REQUIRED WORK | In the listing below, find the line with "Emplacement de camping" and the line with "Imperial(Chrysler) Imperial Crown(1957)Convertible(closed", then return them and every line between them exactly, minus the pictures.

STUDY MATERIAL |
● ● ● ● ● ● ●

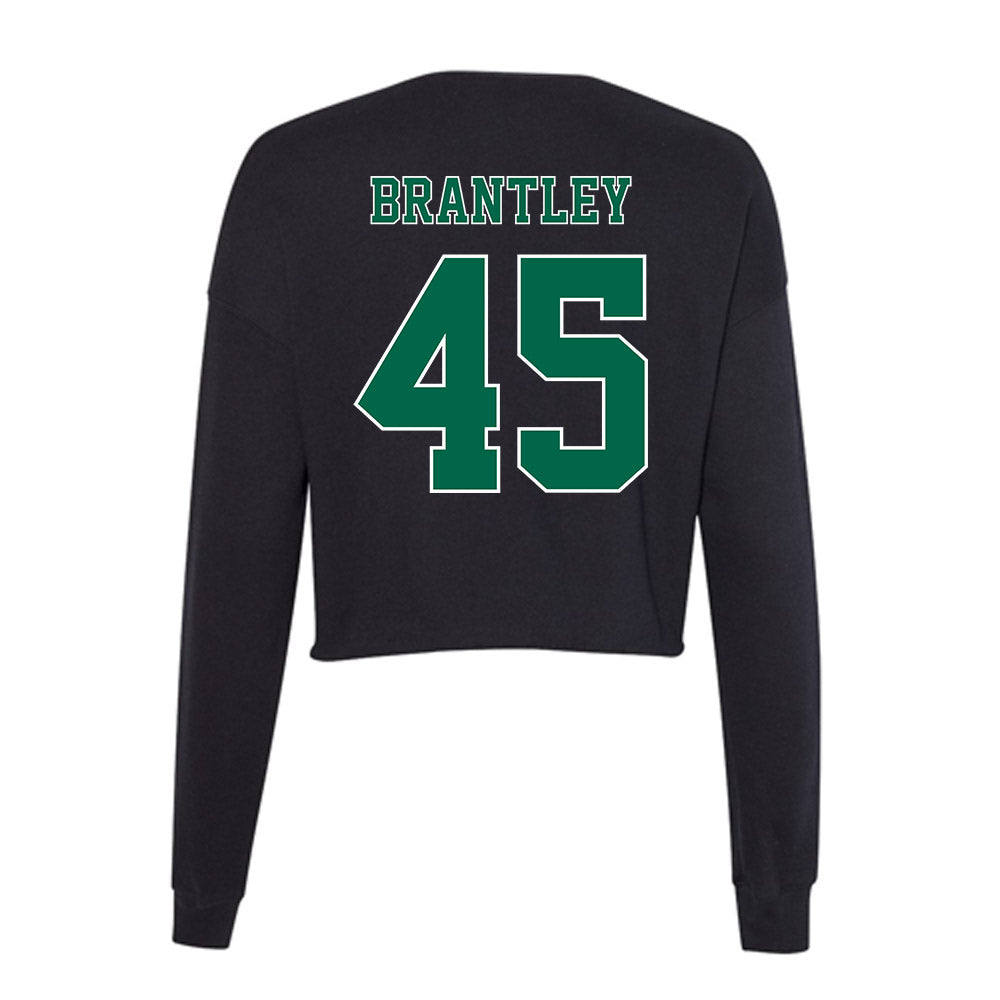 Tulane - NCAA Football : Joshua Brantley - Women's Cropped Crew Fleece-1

● ● ● ● ● ● ●

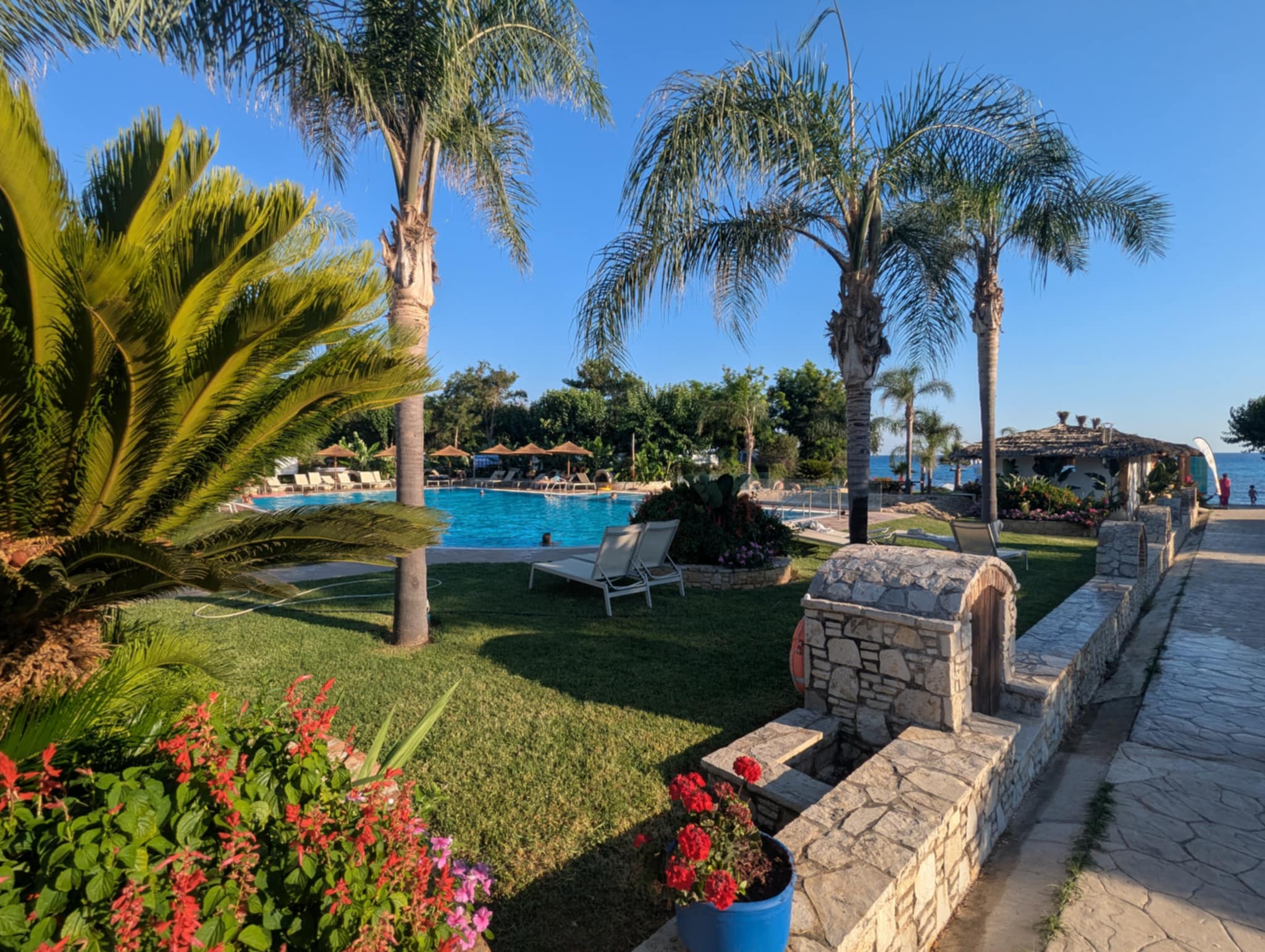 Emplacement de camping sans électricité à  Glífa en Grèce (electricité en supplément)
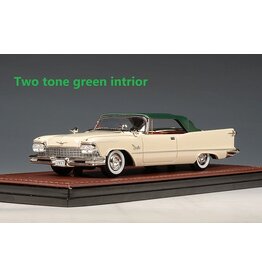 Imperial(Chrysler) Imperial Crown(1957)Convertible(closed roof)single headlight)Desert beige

● ● ● ● ● ● ●

PROBLEM SOLUTION |
 Emplacement de camping sans électricité à  Glífa en Grèce (electricité en supplément)
 Imperial(Chrysler) Imperial Crown(1957)Convertible(closed roof)single headlight)Desert beige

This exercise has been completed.